▶ _ABOUT THIS EXERCISE_:
Below is a listing; restate from it, character for character, the lines beginning at the line holding "Bill Russell: Legend izle" and ending at the line holding "Canon 24mm F/3.5L TS-E II", both included.

▶ _AVAILABLE DATA_:

+---+

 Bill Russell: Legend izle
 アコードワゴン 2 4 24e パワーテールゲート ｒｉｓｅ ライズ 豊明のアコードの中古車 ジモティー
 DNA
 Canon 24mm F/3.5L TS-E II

+---+

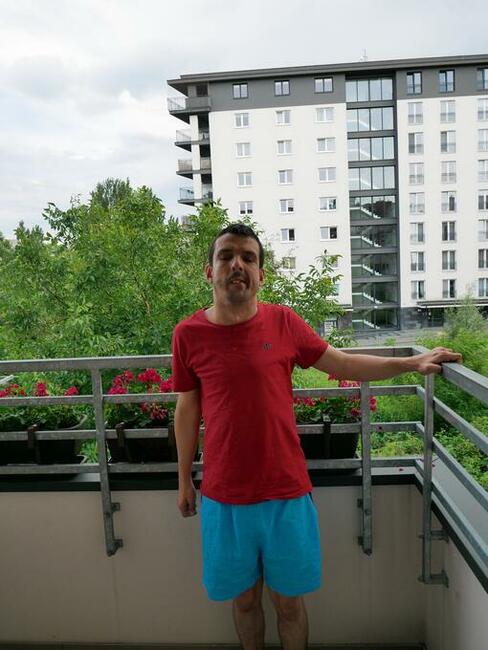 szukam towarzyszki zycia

+---+

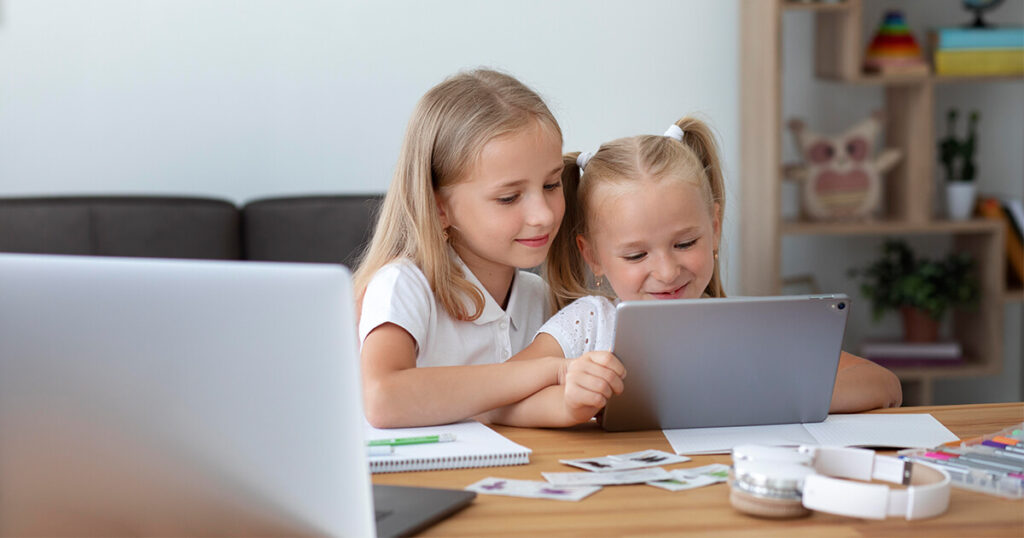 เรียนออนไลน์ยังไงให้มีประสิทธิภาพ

+---+

▶ _SOLUTION_:
 Bill Russell: Legend izle
 アコードワゴン 2 4 24e パワーテールゲート ｒｉｓｅ ライズ 豊明のアコードの中古車 ジモティー
 DNA
 Canon 24mm F/3.5L TS-E II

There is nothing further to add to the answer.